▶ _Work task_: Write out the entries below exactly, but only from the line containing "Alete bewusst Bunter" through the line containing "2021 Summer New", and without the pictures.

▶ _Records supplied_:
*** Block opens ***

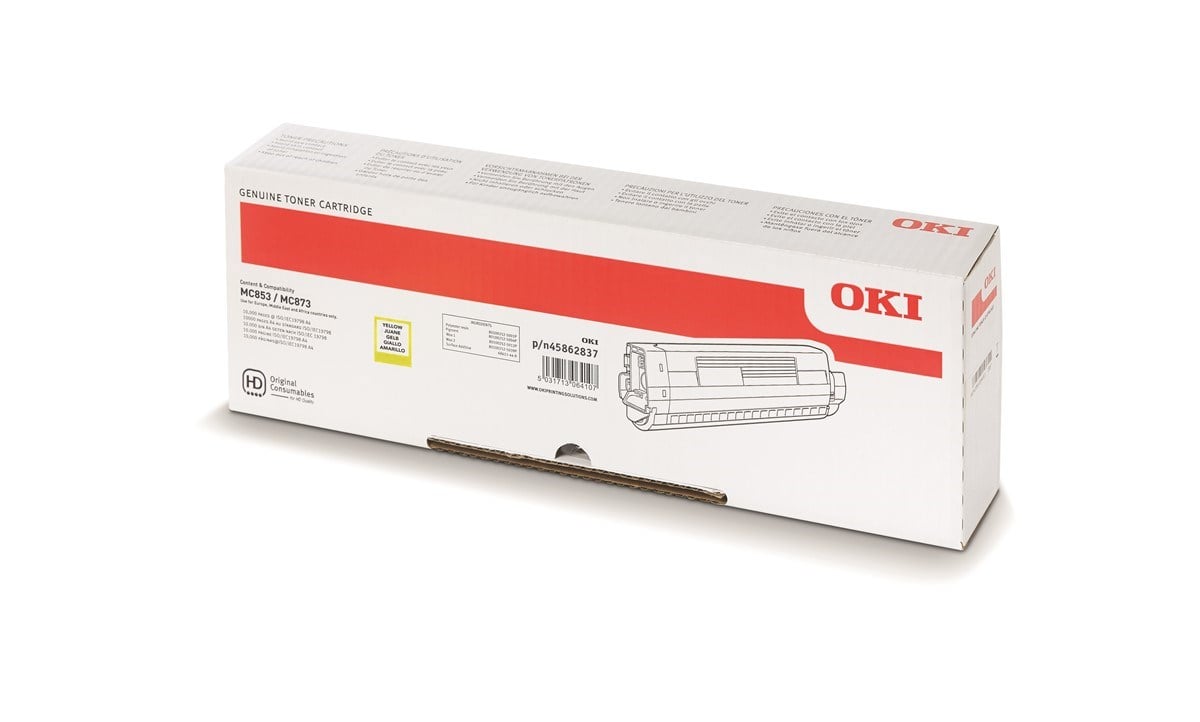 OKI MC853 / MC873 Sarı Orijinal Toner Kartuşu (7.300 Sayfa) - 45862837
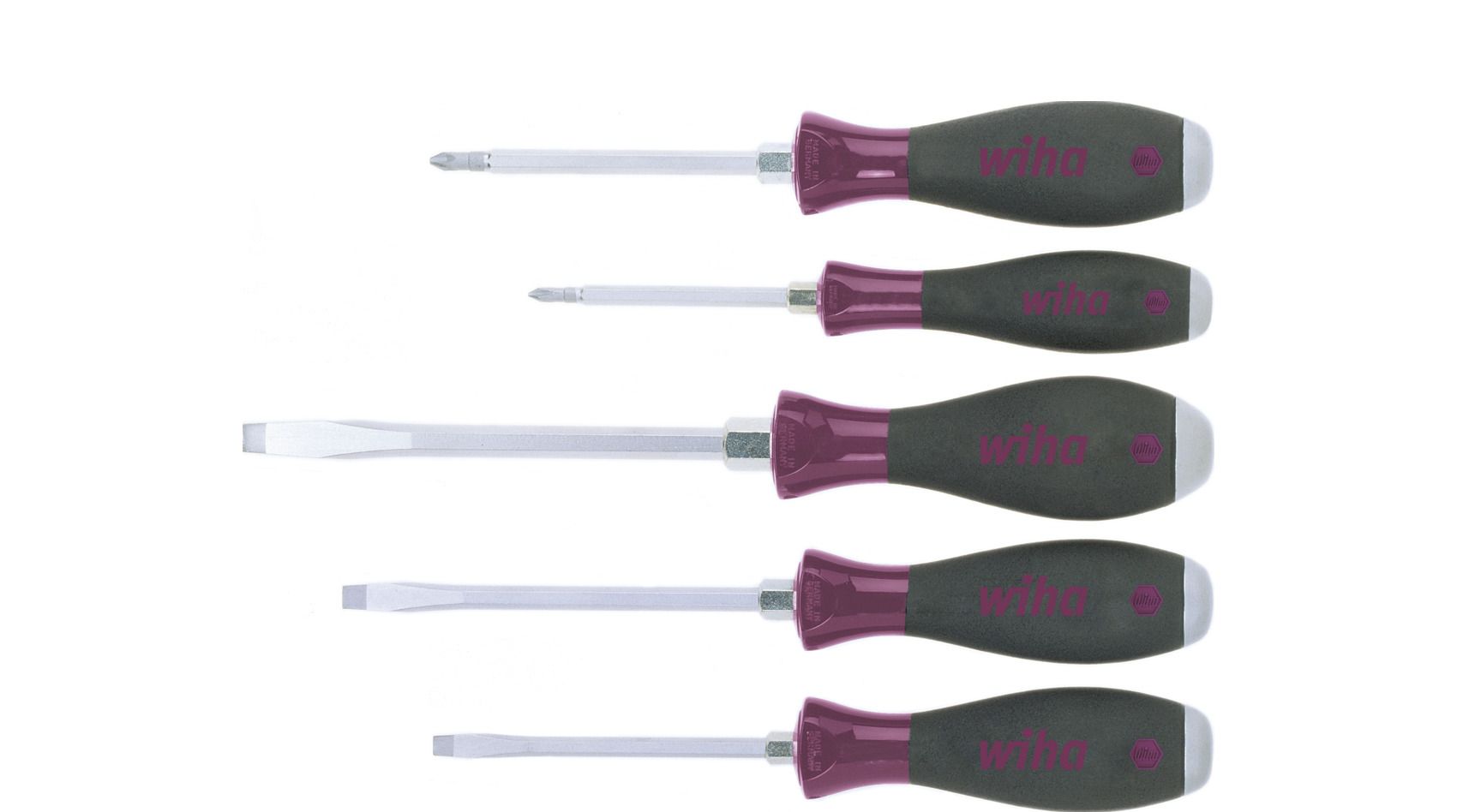 Набор отвёрток Wiha MicroFinish Шлиц, Phillips, со сквозным шестигранным жалом и массивным стальным набалдашником, 5 пр.
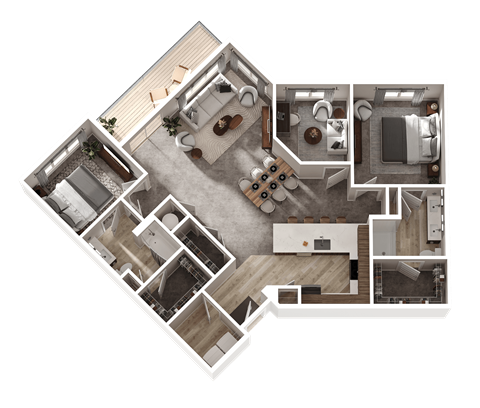 Floor plan for 2 beds, 2 baths, 1514 sqft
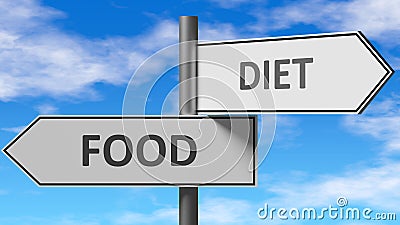 Food and diet as a choice - pictured as words Food, diet on road signs to show that when a person makes decision he can choose Cartoon Illustration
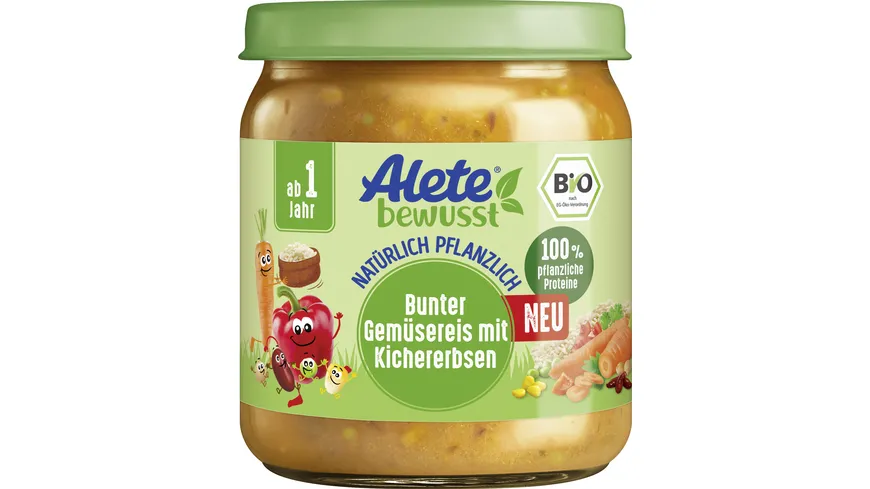 Alete bewusst Bunter Gemüsereis mit Kichererbsen Bio 250 g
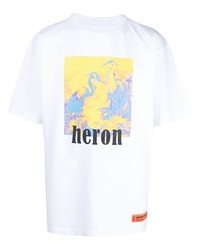 T-shirt à col rond imprimé blanc Heron Preston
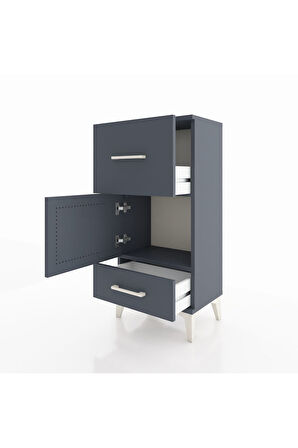 Arges Komodin Tek Raflı 2 Çekmeceli Tek Kapaklı 44x30x96 Antrasit-Antrasit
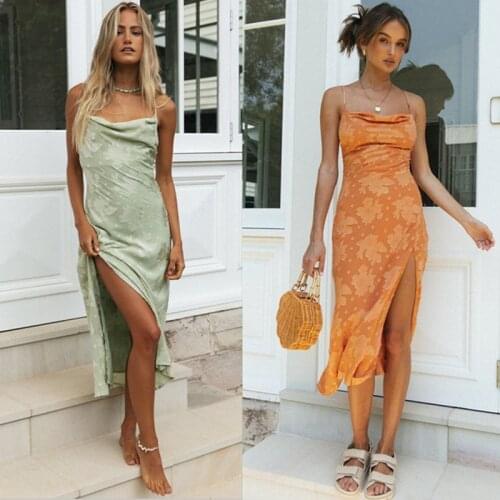 2021 Summer New Style Halter Lace Dress Female Bohemian Style Sling Sleeveless Side Slit Beach Dress
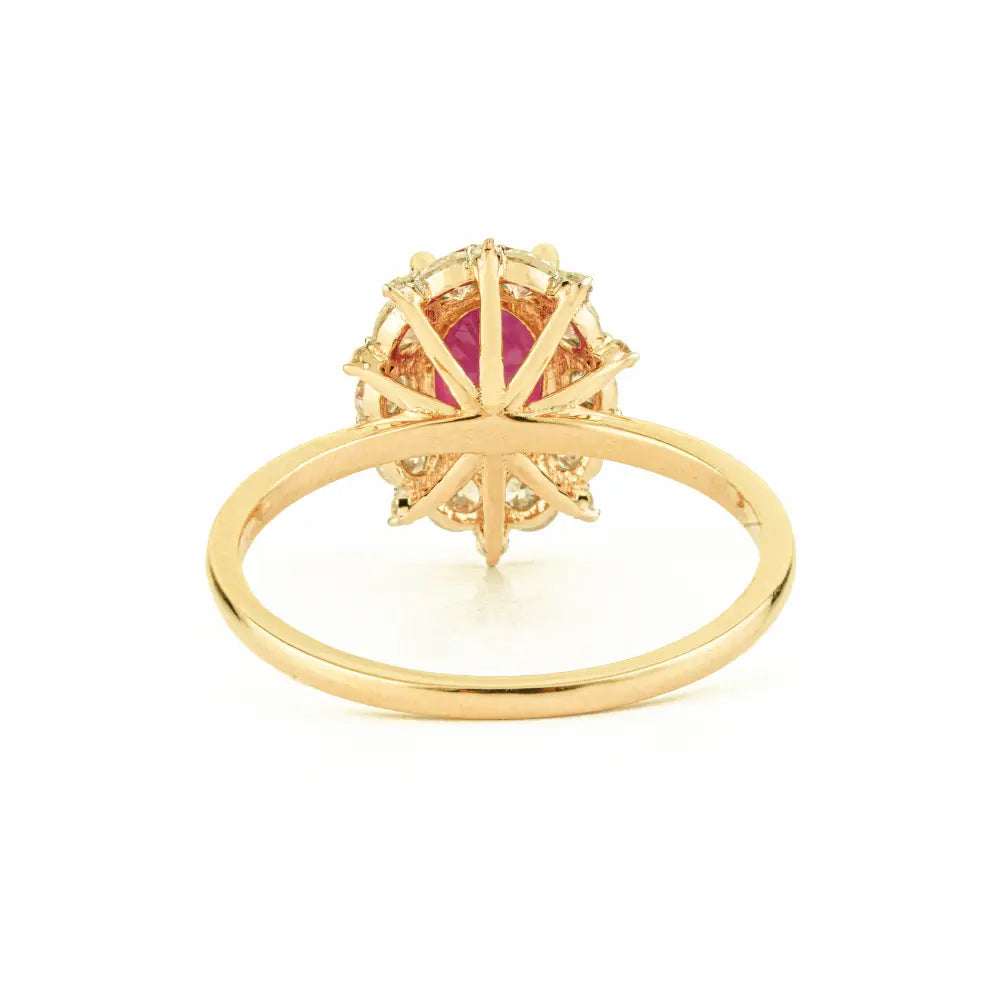 Solid 14K Yellow Gold Ruby & Diamond Cluster Engagement Ring Valentine's Day Bulk Jewelry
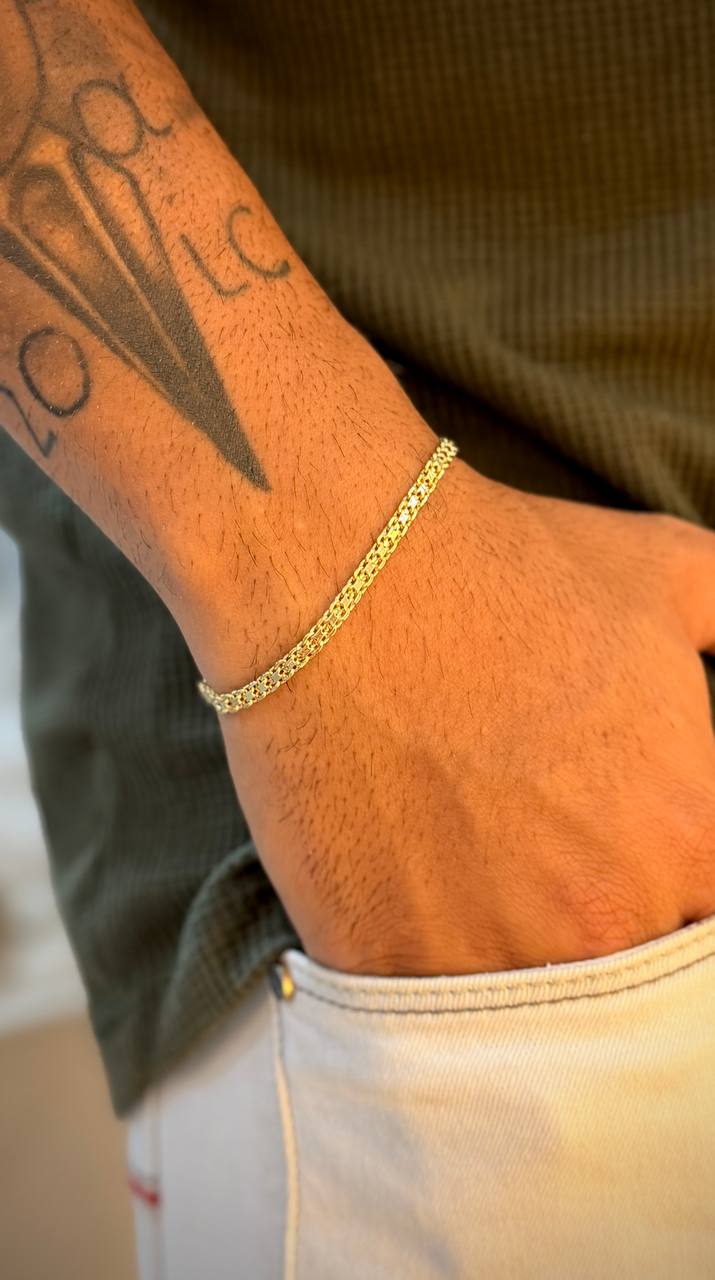 PULSEIRA ESTEIRA CADEADO DE 4MM | Everest Jóias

*** Block closes ***

▶ _Reply_:
 Alete bewusst Bunter Gemüsereis mit Kichererbsen Bio 250 g
 T-shirt à col rond imprimé blanc Heron Preston
 Arges Komodin Tek Raflı 2 Çekmeceli Tek Kapaklı 44x30x96 Antrasit-Antrasit
 2021 Summer New Style Halter Lace Dress Female Bohemian Style Sling Sleeveless Side Slit Beach Dress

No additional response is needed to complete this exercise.